Dataset records
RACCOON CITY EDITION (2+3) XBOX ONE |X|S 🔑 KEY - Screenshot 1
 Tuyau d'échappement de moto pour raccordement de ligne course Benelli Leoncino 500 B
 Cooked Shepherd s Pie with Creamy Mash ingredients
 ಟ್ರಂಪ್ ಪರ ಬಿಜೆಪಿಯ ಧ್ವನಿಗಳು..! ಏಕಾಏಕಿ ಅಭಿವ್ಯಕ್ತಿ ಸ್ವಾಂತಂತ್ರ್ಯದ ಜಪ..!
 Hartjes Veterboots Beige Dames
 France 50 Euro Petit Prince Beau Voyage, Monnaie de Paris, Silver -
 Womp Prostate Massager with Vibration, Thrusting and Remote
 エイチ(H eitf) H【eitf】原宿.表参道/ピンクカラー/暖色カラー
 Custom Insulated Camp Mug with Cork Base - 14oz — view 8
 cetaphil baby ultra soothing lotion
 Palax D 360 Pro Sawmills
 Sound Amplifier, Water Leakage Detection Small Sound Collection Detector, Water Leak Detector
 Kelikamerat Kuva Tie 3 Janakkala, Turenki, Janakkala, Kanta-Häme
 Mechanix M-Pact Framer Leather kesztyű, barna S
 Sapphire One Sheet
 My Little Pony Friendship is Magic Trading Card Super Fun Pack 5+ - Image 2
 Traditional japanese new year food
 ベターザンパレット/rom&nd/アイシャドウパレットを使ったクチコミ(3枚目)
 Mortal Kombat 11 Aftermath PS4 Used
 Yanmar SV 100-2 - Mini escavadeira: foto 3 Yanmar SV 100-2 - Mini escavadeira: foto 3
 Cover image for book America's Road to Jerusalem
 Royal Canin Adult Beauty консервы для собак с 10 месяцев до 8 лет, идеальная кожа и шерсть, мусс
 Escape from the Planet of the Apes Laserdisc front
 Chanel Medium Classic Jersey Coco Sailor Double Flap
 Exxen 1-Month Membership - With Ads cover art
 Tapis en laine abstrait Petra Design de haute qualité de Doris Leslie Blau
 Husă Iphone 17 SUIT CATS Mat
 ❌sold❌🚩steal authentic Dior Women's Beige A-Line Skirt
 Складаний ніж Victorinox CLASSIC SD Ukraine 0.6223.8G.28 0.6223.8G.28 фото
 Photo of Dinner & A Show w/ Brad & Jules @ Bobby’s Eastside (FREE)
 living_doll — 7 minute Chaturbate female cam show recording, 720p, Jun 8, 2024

## WHAT YOU SHOULD DO
Which lines hold the word "Beige"? Return all of them from the records above.

## ANSWER TO THE EXERCISE
 Hartjes Veterboots Beige Dames
 ❌sold❌🚩steal authentic Dior Women's Beige A-Line Skirt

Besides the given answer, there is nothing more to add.